Reweighting Technique in Molecular Simulations: From Umbrella Sampling to MBAR


This post is largely inspired by the materials in 3rd i-CoMSE Workshop.

Prerequisite: Basic Molecular Dynamics, Thermodynamics, Probability Theory.


Theoretical Foundations

Boltzmann Distribution

Starting from the second law of thermodynamics, we can derive that, at a given temperature, the probability of finding a specific microscopic configuration $x_i$ follows the Boltzmann distribution (sometimes called the Gibbs distribution)

\[p_i \propto e^{-\beta E_i} = \frac{1}{Z} \mathrm{e}^{-\beta E_i}\]

where $\beta = 1/(k_B T)$ is inversely proportional to the temperature of the system, and have the unit of inverse energy (it is useful to remember that at room temperature, $k_B T \approx 2.5 \,\mathrm{kJ/mol}$).

The normalization factor $Z$, called the partition function, is defined as

\[Z = \sum_{i} \mathrm{e}^{-\beta E_i}\]

There are many interpretations of the partition function.

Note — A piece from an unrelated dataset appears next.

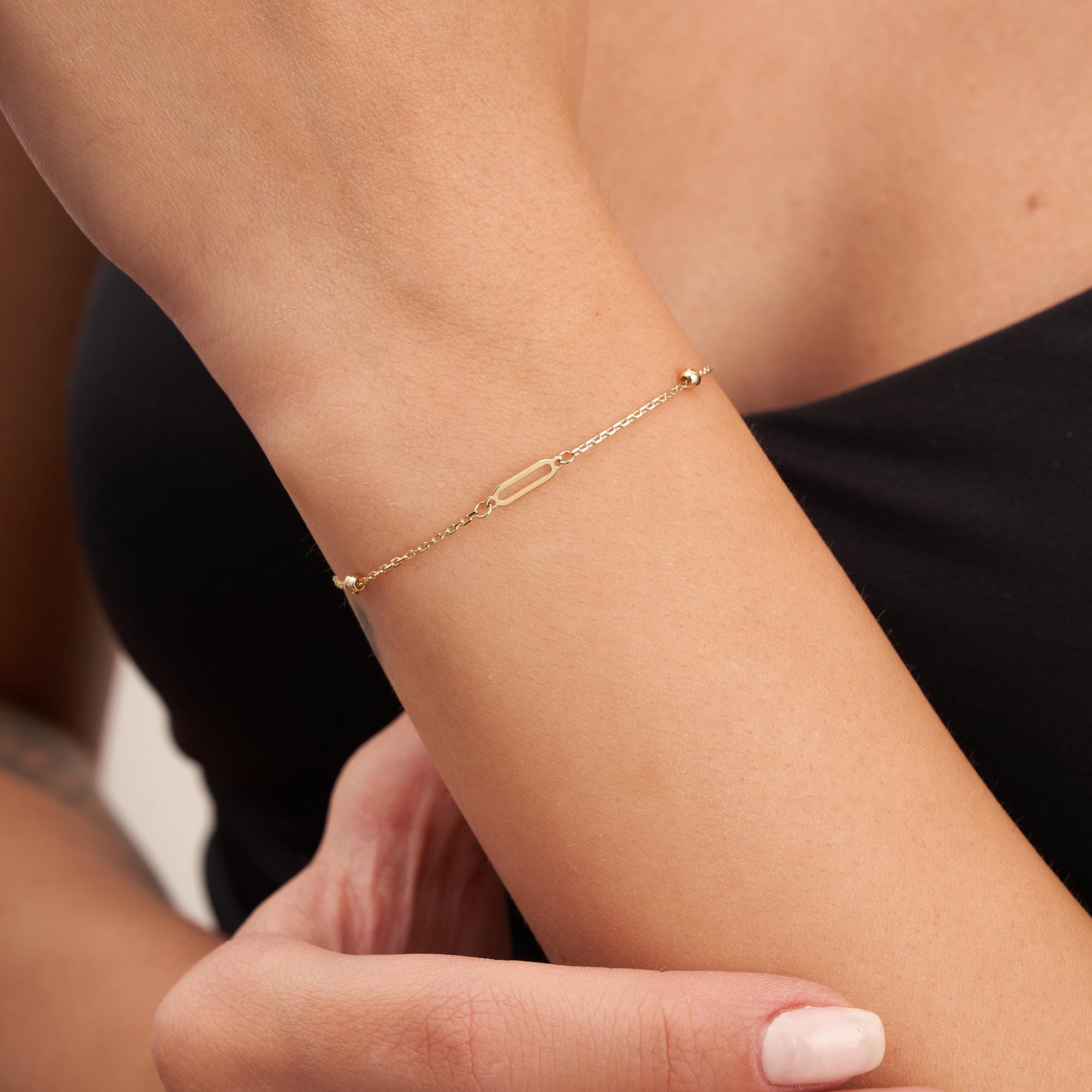 14K Solid Gold Dainty Station Bead Paperclip Bracelet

One useful way to think about it is as a weighted count of all microscopic configurations. To see this, we can insert a magic one in the expression (we will use this trick many times in the post)

\[Z = \sum_{i} 1 \cdot \mathrm{e}^{-\beta E_i}\]

If the exponential factor were always $1$, then $Z$ would simply count the number of accessible configurations. But the exponential factor, also called the Boltzmann factor or Boltzmann weight, assigns more importance to lower-energy states. Thus, $Z$ is not just a count, but a weighted sum that reflects how nature prefers lower-energy configurations at finite temperature.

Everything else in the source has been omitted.